Były one wynikiem realizacji zysków, do której mógł przyczynić się brak zdecydowania na rynku EUR/USD, mniej optymistyczne od założeń rynku wystąpienie szefa FED w Kongresie o godz. 16:00, a także pewna słabość rysująca się na największych giełdowych parkietach. Finalnie handel na Wall Street zakończył się wczoraj na plusach, jednak nie były one zbyt duże (poniżej 1 proc.),a w międzyczasie indeksy zabarwiały się na czerwono. Wspomniany wczoraj Catterpillar, który wpierw pozytywnie zaskoczył wynikami, później równie szybko rozczarował inwestorów, przestrzegając przez możliwymi trudnościami w III kwartale. To mogło „uświadomić” inwestorom, iż seria dobrych wyników jeszcze niczego nie załatwia i nie może być sygnałem końca kryzysu. Zresztą w podobnym tonie wypowiedział się wczoraj szef FED. Zdaniem Bena Bernanke odbicie gospodarki będzie zależeć od kondycji rynku pracy i tym samym poziomu konsumpcji, tymczasem wysokie bezrobocie może się utrzymać nawet do 2011 r.
Dzisiaj uwaga inwestorów skupi się na kolejnych publikacjach wyników amerykańskich spółek – będą to Ebay, Pepsico, Pfizer, Boeing, US Bancorp i Whirpool. Rynek będzie też spoglądał na rozwój wypadków wokół pożyczkodawcy CIT Group, po tym znów okazało się, że uniknięcie bankructwa wcale nie będzie takie łatwe. O godz. 16:00 głos zabierze ponownie szef FED, który tym razem przedstawi swoje „testimony” członkom Senatu. W strefie euro o godz. 11:00 poznamy dane o nowych zamówieniach w przemyśle w maju, a z Wielkiej Brytanii o godz. 10:30 opublikowane zostaną zapiski z ostatniego posiedzenia Banku Anglii, a o godz. 12:00 dane o dynamice zamówień w lipcu. O godz. 9:28 za euro płacono 1,4177 USD, a funt był wart 1,6320 USD.
W kraju GUS opublikuje swoje wskaźniki koniunktury za lipiec. Dzisiaj rano agencje zacytowały wypowiedź Haliny Wasilewskiej-Trenkner z RPP, której zdaniem ewentualne zmiany w poziomie stóp procentowych mogłyby ewentualnie nastąpić po wakacjach. Wpisuje się ona o ogólny trend rysujący się z wypowiedzi członków RPP. Wydaje się, że całej Radzie coraz bliżej jest do wyrażonej wczoraj przez Jana Czekaja opinii, iż do końca kadencji stopy nie ulegną już zmianie.

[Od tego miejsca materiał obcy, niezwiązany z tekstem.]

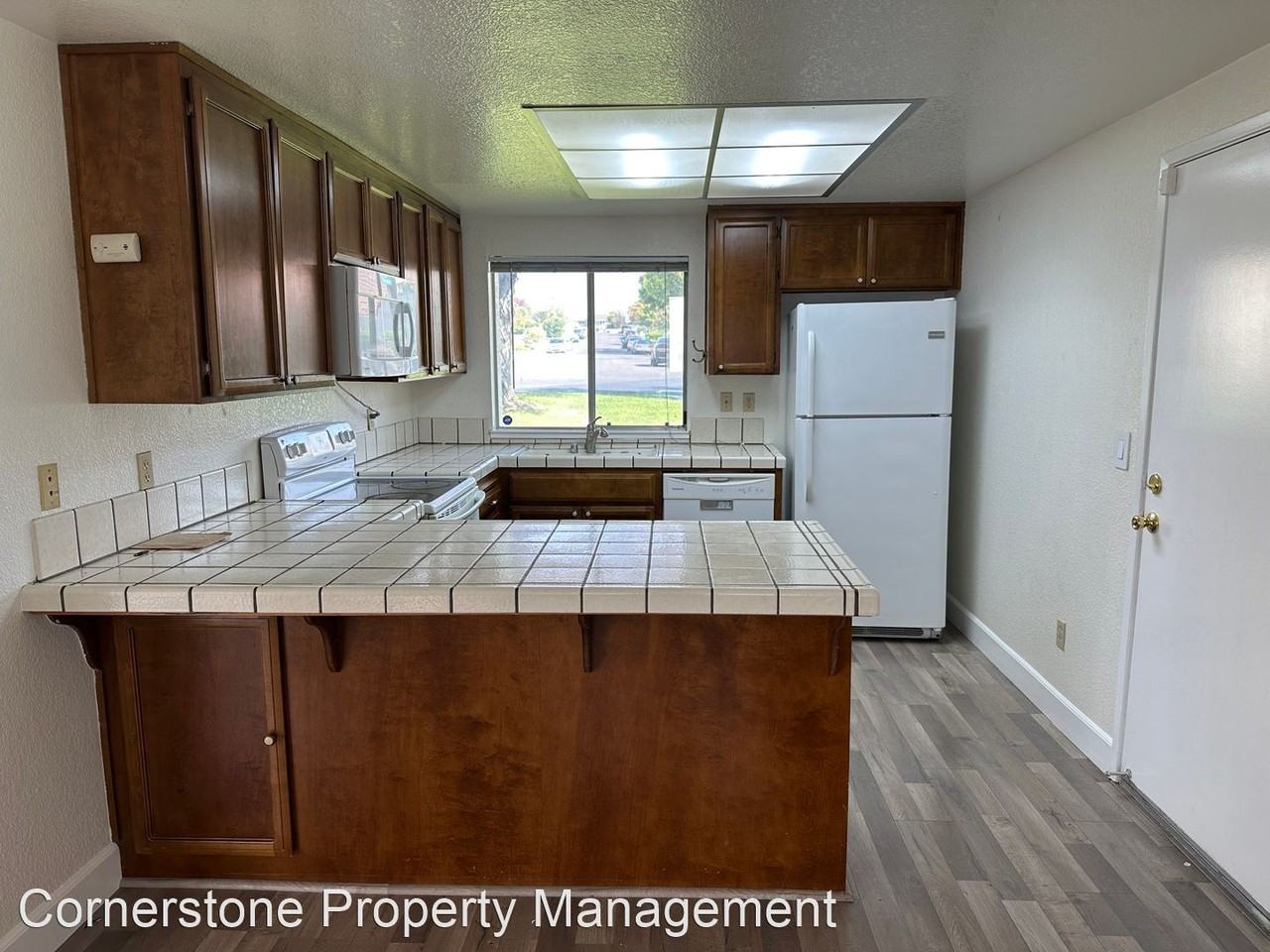 584 Via Primavera Ct - Photo 3 of 12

EUR/PLN: Korekta umocnienia złotego jest dość płytka. W okolicach 4,28 przebiega średnia 200 sesyjna stanowiąca silny opór. Wskaźniki zdają się potwierdzać dalsze spadki, chociaż Stochastic pokazuje dywergencję. Nie zmienia to jednak faktu, iż przestrzeń do ruchu w stronę 4,2230 wciąż pozostaje. Potwierdzeniem tego będzie przełamanie w ciągu dnia poziomu 4,25 i dalej 4,2365 odnotowanych w nocy z poniedziałku na wtorek.
USD/PLN: Kurs powrócił powyżej 3 zł. Ruch ten był potwierdzony jedynie przez wskaźnik Stochastic, pozostałe nadal tkwią w trendach spadkowych. Silny opór rysuje się w rejonie 3,02. Bardziej prawdopodobny jest powrót poniżej 3,00 i ruch w stronę 2,95 w kolejnych dniach. Wiele zależeć będzie od tego, kiedy EUR/USD zaatakuje poziom 1,4337.

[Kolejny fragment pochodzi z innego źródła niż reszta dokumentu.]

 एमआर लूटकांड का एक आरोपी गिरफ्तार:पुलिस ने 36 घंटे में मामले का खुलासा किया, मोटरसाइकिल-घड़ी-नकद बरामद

EUR/USD: Kombinacja ostatnich 2 dziennych świec może świadczyć o pewnej słabości strony popytowej, chociaż nie przesądza jeszcze o tym, jakoby miała się ona przełożyć na kolejne dni. Wprawdzie naruszone zostało wsparcie na 1,4180, ale kluczowa wciąż pozostaje strefa 1,4147-65. Wskaźniki zdają się potwierdzać dalsze zwyżki. Kluczowy będzie powrót powyżej 1,4240-50. To może dać szanse na atak w stronę 1,4337.